As hipóteses de não incidência do princípio da anterioridade nonagesimal se encontram inseridas no artigo
150, §1º, da Constituição Federal. Os seguintes tributos aparecem no rol daquele dispositivo: a) Imposto
sobre Importação (II) b) Imposto sobre Exportação (IE) c) Imposto sobre operações de crédito, câmbio e
seguro, ou relativas a títulos ou valores mobiliários (IOF) d) Imposto Extraordinário de Guerra (IEG) e)
Empréstimo Compulsório para Calamidade Pública ou Guerra Externa (EC-Cala/Gue); f) Imposto sobre renda
e proventos de qualquer natureza; g) fixação da base de cálculo do IPTU; i) fixação da base de cálculo do
IPVA.
Observem que “faltam” três tributos nesse rol: ICMS-Combustível, CIDE-Combustível e IPI.
Todos esses três aparecem como mitigações ao princípio da legalidade e são exceções ao princípio da
anterioridade anual, mas não aparecem como exceções ao princípio da anterioridade nonagesimal. Dessa
maneira, a modificação da norma que importe na majoração do valor desses tributos não precisa observar a
anterioridade anual, mas deve necessariamente observar a anterioridade nonagesimal, ficando a eficácia da
nova lei suspensa até que haja o transcurso do prazo de 90 dias.
Esse raciocínio foi rechaçado à unanimidade pelo Supremo Tribunal Federal, em medida cautelar apreciada
na ADI 4661.
Por outro lado, o dispositivo apresenta três exceções ao princípio da anterioridade nonagesimal que não
figuram no rol das mitigações ao princípio da legalidade nem no rol das exceções ao princípio da
anterioridade anual. Referimo-nos aos seguintes tributos: a) Imposto sobre renda e proventos de qualquer
natureza; b) fixação da base de cálculo do IPTU; c) fixação da base de cálculo do IPVA.
Quanto ao IPTU e ao IPVA, é importante frisar: O que escapa à incidência da anterioridade nonagesimal é
tão somente a fixação das bases de cálculo. O aumento da tributação através do incremento das alíquotas
desses impostos necessita observá-la.
Com o objetivo de facilitar a fixação da matéria, colacionamos um gráfico que sintetiza as exceções ao
princípio da anterioridade anual e as exceções ao princípio da anterioridade nonagesimal:
Qual a relação entre o princípio da anterioridade e medidas provisórias?
Em caso de relevância e urgência, o Presidente da República poderá adotar medidas provisórias, com força
de lei, devendo submetê-las de imediato ao Congresso Nacional.
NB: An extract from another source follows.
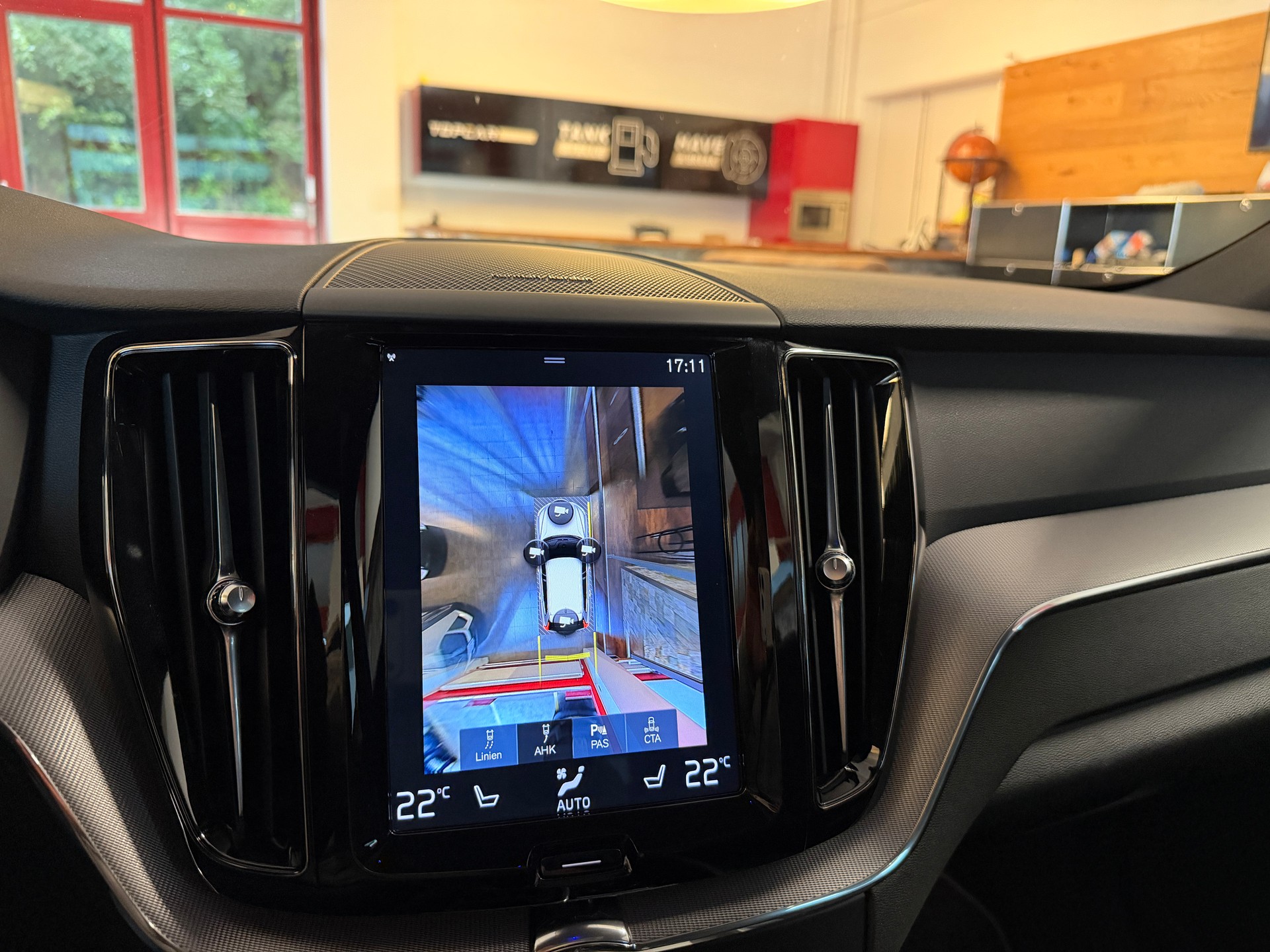 VOLVO XC60 D4 AWD R-Design Geartronic-image-21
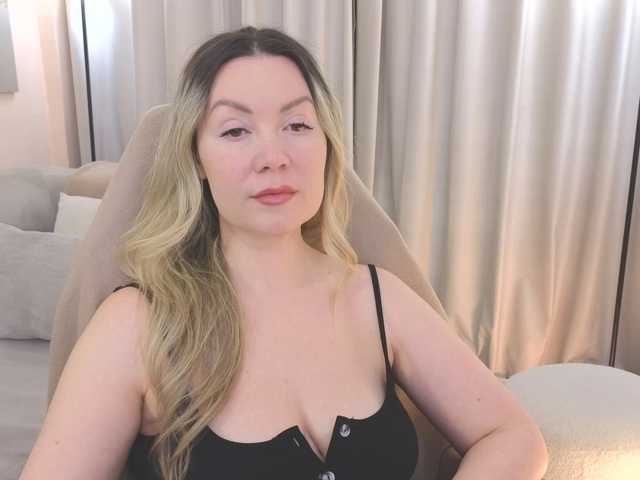 LELEYA live cam preview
Assim, abrem-se três possibilidades: a) a medida provisória é aprovada e convertida em lei; b) a medida
provisória é rejeitada pelo Congresso Nacional; c) a medida provisória não é votada no prazo de 60
dias, prorrogável por mais 60 dias, e perde a sua eficácia.
É válido lembrar que estudamos a ligação desse tema com o direito tributário quando tratamos do princípio
da legalidade. Naquela oportunidade, assentamos dois pressupostos: o primeiro, de que é possível a
instituição ou a majoração de tributos por meio de medidas provisórias, sendo esse o entendimento do
Supremo Tribunal Federal desde a promulgação da CF de 1988; e o segundo, de que há exceções a essa
regra, não sendo possível a utilização de medidas provisórias nos casos em que a Constituição Federal exigiu
a edição de Lei Complementar.
Agora vamos avançar no tema, na tentativa de enfrentarmos a questão à luz do Princípio da Anterioridade.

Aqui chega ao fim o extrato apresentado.